── SUPPLIED DATA ──
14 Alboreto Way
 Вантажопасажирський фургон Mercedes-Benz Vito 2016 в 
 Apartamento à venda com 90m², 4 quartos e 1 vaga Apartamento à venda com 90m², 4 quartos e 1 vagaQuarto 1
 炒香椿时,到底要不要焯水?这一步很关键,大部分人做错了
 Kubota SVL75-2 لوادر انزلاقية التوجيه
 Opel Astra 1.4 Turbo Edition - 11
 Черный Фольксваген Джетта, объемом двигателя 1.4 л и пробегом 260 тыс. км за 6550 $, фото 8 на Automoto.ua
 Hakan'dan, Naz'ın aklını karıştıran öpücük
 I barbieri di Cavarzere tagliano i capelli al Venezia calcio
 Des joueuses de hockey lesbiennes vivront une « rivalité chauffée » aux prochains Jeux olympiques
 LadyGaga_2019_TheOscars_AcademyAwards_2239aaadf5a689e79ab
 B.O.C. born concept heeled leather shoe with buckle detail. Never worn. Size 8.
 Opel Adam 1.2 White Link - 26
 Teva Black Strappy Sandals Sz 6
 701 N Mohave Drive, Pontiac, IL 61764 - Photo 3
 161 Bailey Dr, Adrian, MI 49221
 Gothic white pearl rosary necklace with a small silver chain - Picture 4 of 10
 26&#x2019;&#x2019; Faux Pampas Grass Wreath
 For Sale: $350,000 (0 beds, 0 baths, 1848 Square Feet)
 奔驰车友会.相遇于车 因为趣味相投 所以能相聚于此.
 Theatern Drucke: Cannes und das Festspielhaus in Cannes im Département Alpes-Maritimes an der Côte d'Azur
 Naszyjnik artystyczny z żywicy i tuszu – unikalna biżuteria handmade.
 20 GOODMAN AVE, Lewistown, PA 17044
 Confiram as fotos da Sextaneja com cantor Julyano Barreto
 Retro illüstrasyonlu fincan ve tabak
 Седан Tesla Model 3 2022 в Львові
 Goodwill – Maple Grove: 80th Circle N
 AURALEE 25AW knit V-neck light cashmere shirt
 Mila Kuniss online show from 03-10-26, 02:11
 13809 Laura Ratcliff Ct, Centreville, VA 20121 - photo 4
───
Where in the records does the word "with" appear? Copy each line that holds it.

 B.O.C. born concept heeled leather shoe with buckle detail. Never worn. Size 8.
 Gothic white pearl rosary necklace with a small silver chain - Picture 4 of 10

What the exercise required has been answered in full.